WHAT YOU HAVE TO DO. Although the data below contains pictures, please reproduce only its words, exactly.
───── COLLECTED DATA
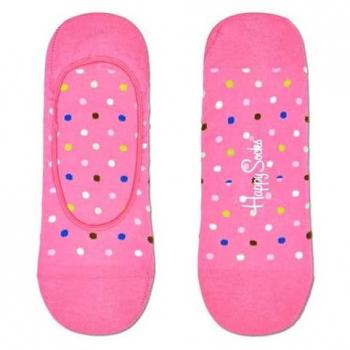 Calcetines Invisibles Dot de Happy Socks, Suaves, Tejido Original, Talla 41-46, Multicolor, Unisex Adulto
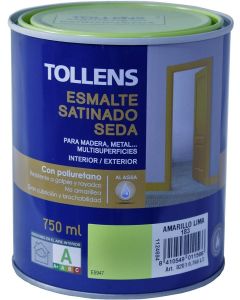 Tollens Esmalte Satinado al agua Amarillo lima 750 Ml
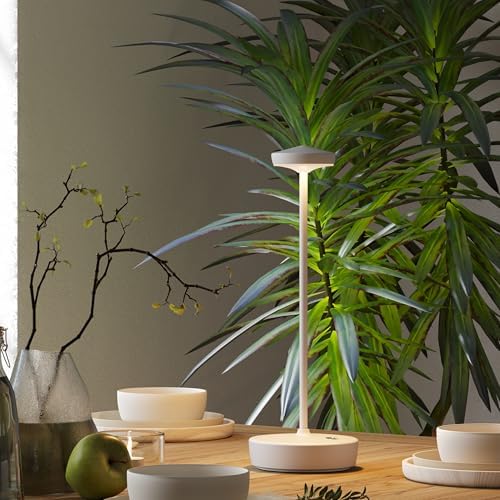 LED Cordless Table Lamp,Rechargeable Battery Lights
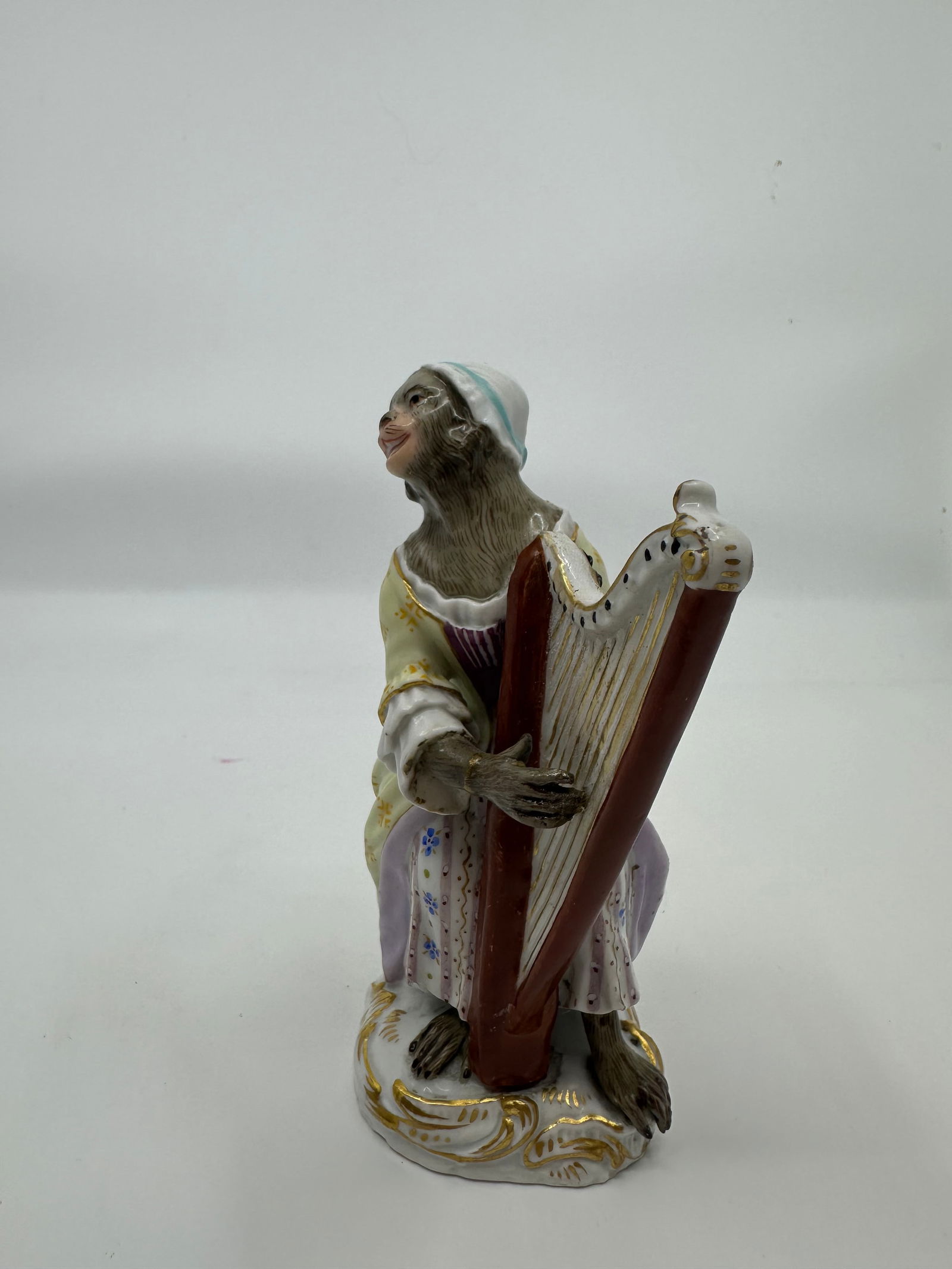 Meissen porcelain monkey band figure (1 of 8)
──────────
SOLUTION TO THIS EXERCISE.
 Calcetines Invisibles Dot de Happy Socks, Suaves, Tejido Original, Talla 41-46, Multicolor, Unisex Adulto
 Tollens Esmalte Satinado al agua Amarillo lima 750 Ml
 LED Cordless Table Lamp,Rechargeable Battery Lights
 Meissen porcelain monkey band figure (1 of 8)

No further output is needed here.